━━━ Data excerpt

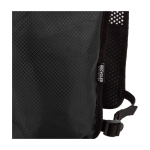 Gilet idratazione per running impermeabile e riflettente color nero vista dettaglio 1
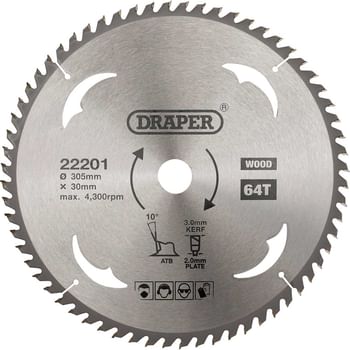 Draper TCT Wood Cutting Circular Saw Blade Draper TCT Wood Cutting Circular Saw Blade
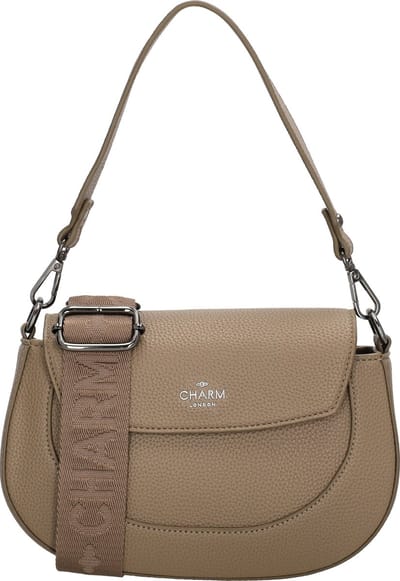 Charm London Montmartre Schoudertas - Afneembaar lang schouderhengsel - Stijlvol & Elegant - Taupe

━━━━━━

» Activity: An unchanged copy of the listing, with no pictures, should be returned.

» Exercise solution:
 Gilet idratazione per running impermeabile e riflettente color nero vista dettaglio 1
 Draper TCT Wood Cutting Circular Saw Blade Draper TCT Wood Cutting Circular Saw Blade
 Charm London Montmartre Schoudertas - Afneembaar lang schouderhengsel - Stijlvol & Elegant - Taupe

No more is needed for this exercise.